_Exercise data_
────

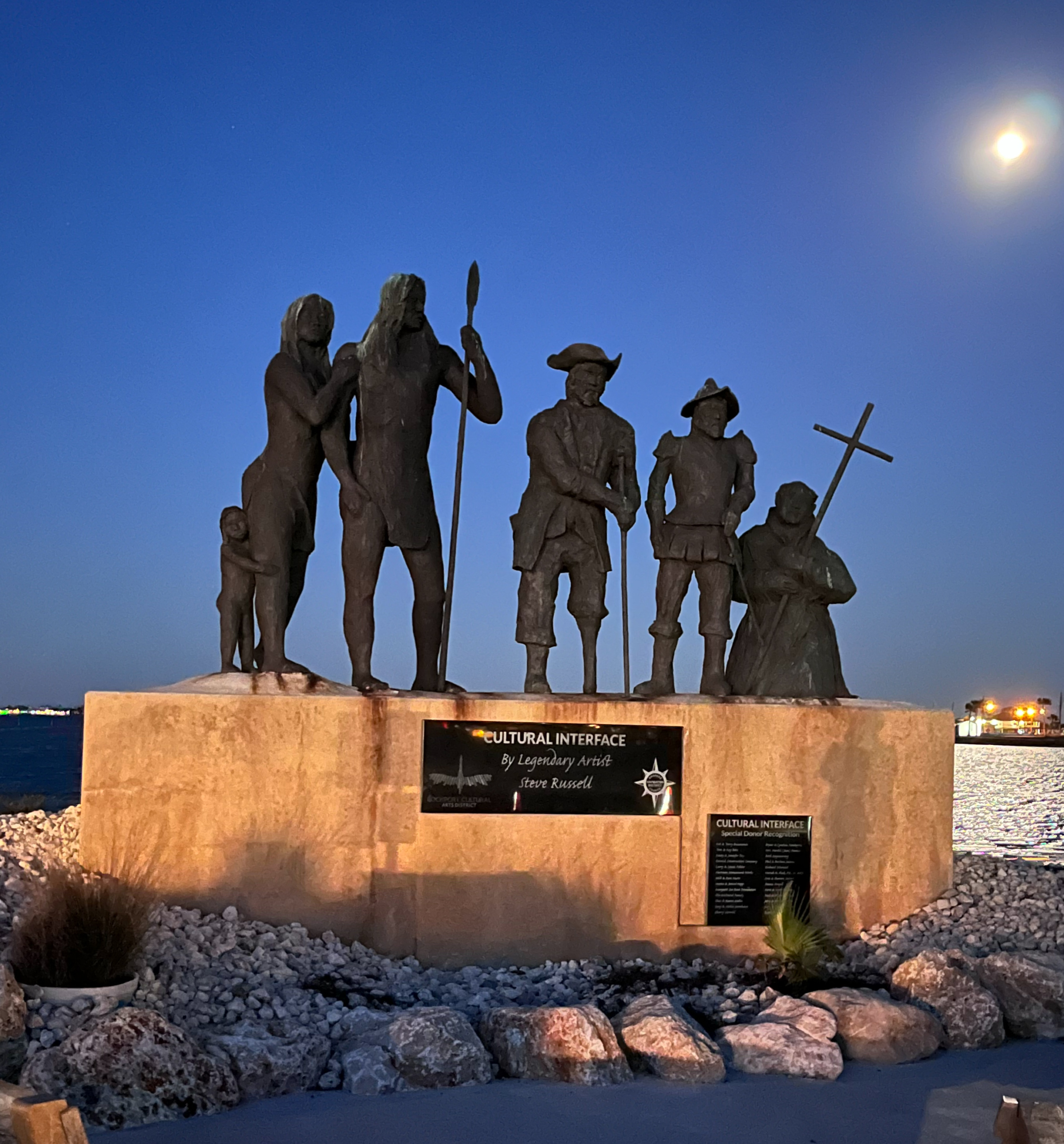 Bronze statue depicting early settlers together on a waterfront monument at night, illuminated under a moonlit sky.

────

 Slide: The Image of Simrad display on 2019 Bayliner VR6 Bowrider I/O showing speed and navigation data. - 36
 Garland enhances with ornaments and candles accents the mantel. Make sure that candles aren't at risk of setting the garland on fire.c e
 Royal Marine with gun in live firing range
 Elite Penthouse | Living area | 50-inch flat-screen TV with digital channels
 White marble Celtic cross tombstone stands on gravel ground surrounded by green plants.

────

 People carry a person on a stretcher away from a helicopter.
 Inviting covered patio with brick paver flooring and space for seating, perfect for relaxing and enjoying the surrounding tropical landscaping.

────

_Task to complete_
From the listing above, output exactly the run of lines that starts with the line containing "Elite Penthouse |" and ends with the line containing "White marble Celtic".

_Solution for this exercise_
 Elite Penthouse | Living area | 50-inch flat-screen TV with digital channels
 White marble Celtic cross tombstone stands on gravel ground surrounded by green plants.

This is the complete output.